*Records for this task*.
-.-.-
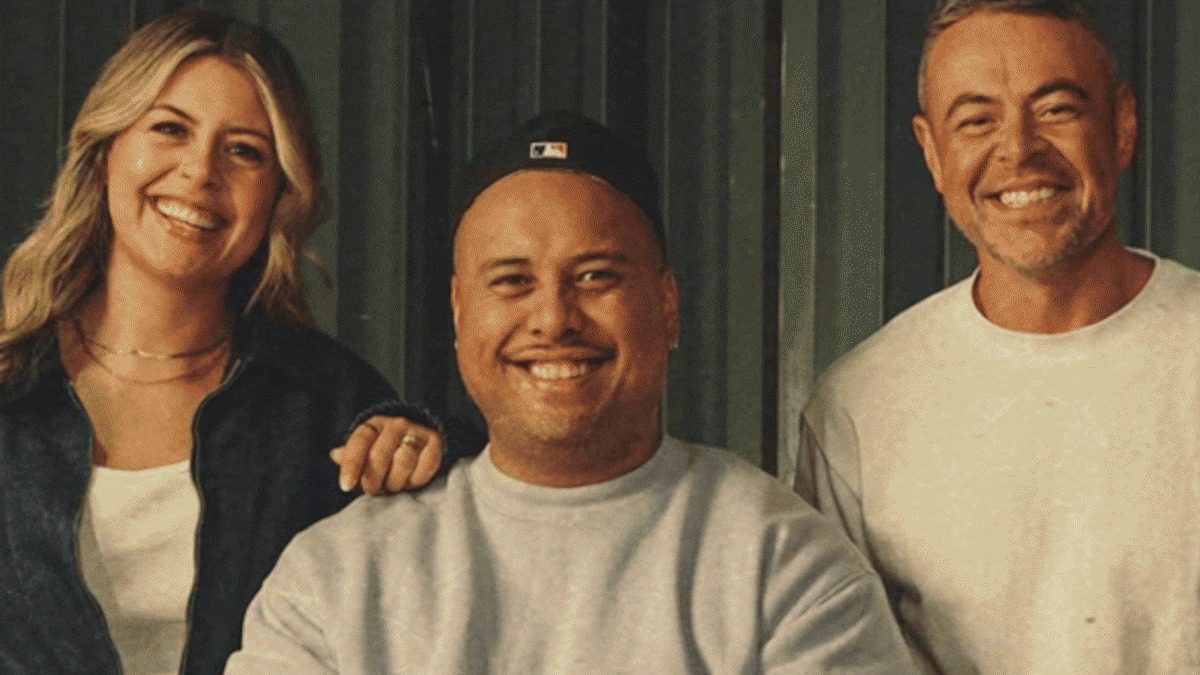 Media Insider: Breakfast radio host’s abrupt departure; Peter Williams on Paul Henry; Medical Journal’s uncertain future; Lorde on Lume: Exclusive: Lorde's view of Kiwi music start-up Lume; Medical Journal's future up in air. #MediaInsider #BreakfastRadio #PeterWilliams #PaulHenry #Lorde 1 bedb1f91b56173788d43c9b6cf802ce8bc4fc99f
-.-.-
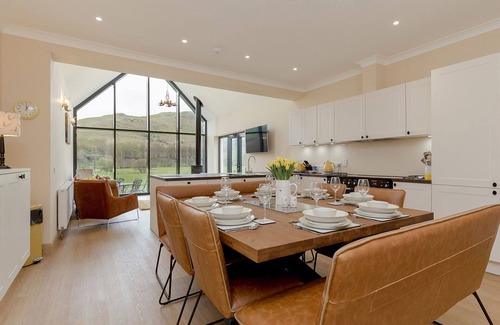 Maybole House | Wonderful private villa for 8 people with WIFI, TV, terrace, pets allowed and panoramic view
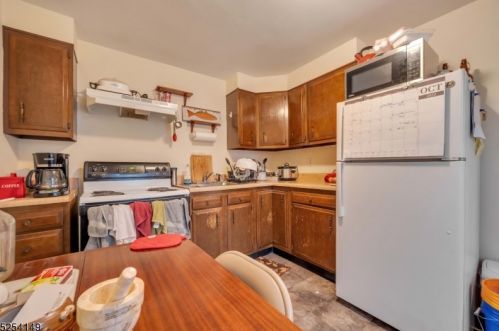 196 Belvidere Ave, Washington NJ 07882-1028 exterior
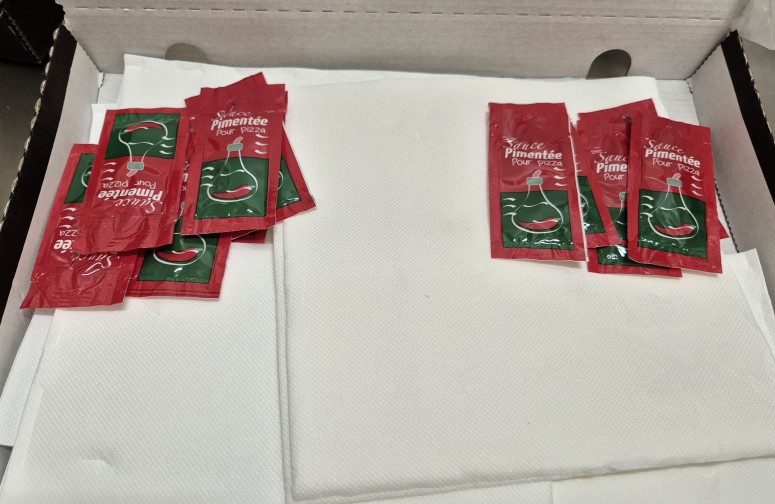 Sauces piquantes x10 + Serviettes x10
-.-.-
Reproduce word for word, with pictures dropped, only the part of the material above that opens with the line containing "196 Belvidere Ave, Washington" and closes with the line containing "Sauces piquantes x10 + Serviettes x10".

 196 Belvidere Ave, Washington NJ 07882-1028 exterior
 Sauces piquantes x10 + Serviettes x10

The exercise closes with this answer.